### Instructions for the task:
Repeat everything in the listing exactly, except for the images.

(Supplied data Opens)

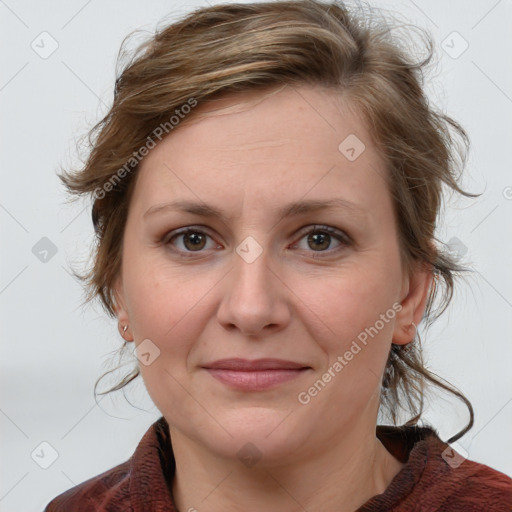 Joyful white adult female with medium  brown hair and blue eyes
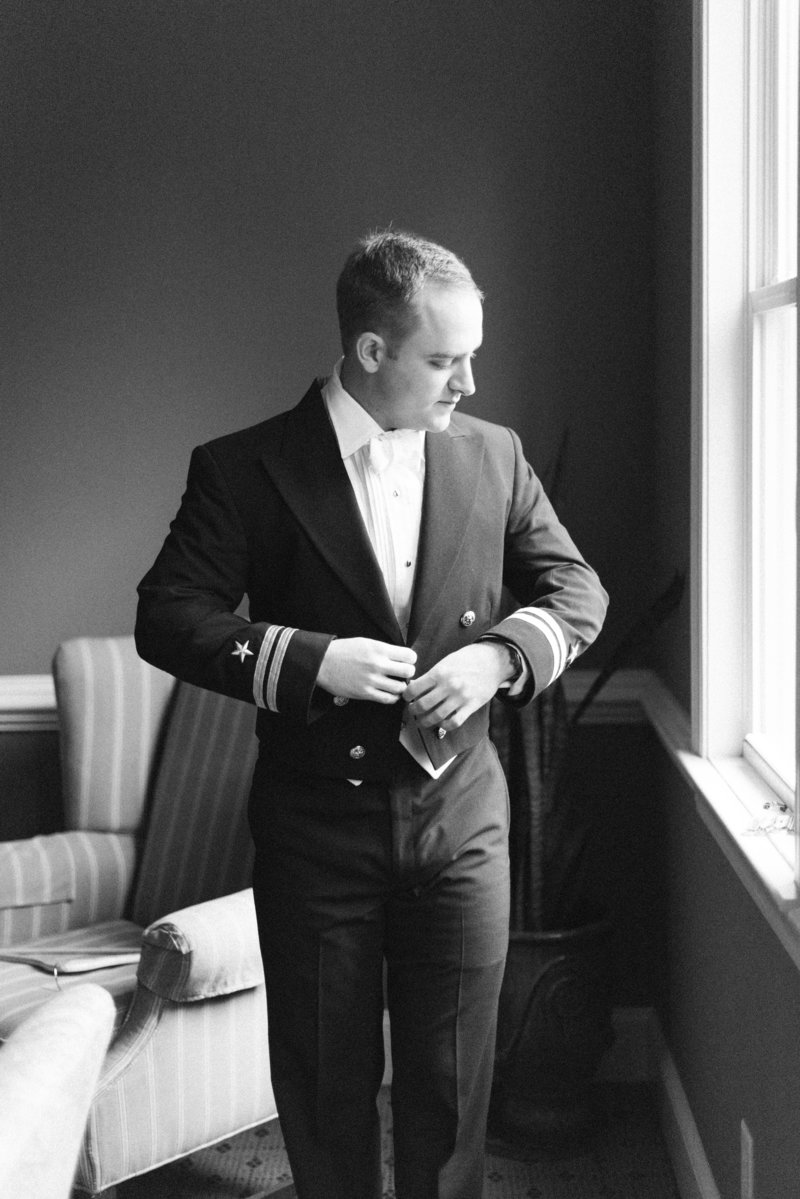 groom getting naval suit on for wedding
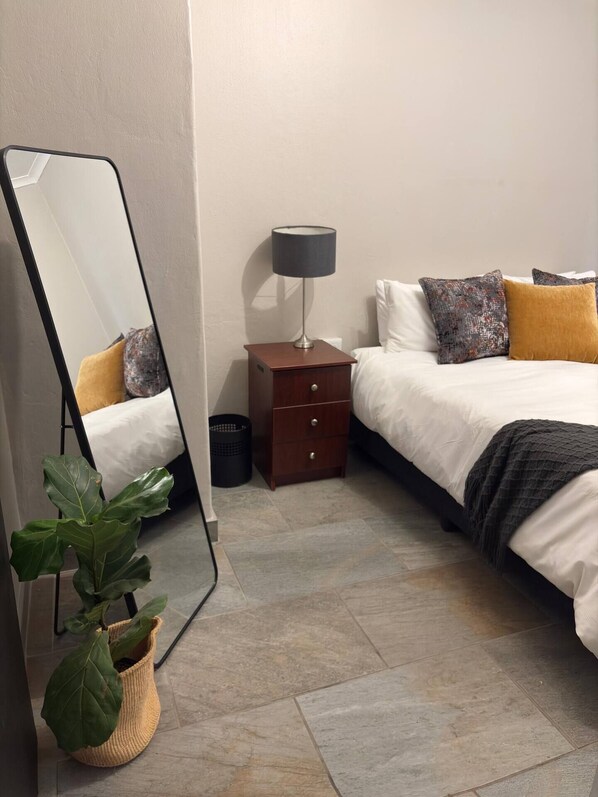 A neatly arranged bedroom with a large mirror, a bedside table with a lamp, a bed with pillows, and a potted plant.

(Supplied data Closes)

### Response to the exercise:
 Joyful white adult female with medium  brown hair and blue eyes
 groom getting naval suit on for wedding
 A neatly arranged bedroom with a large mirror, a bedside table with a lamp, a bed with pillows, and a potted plant.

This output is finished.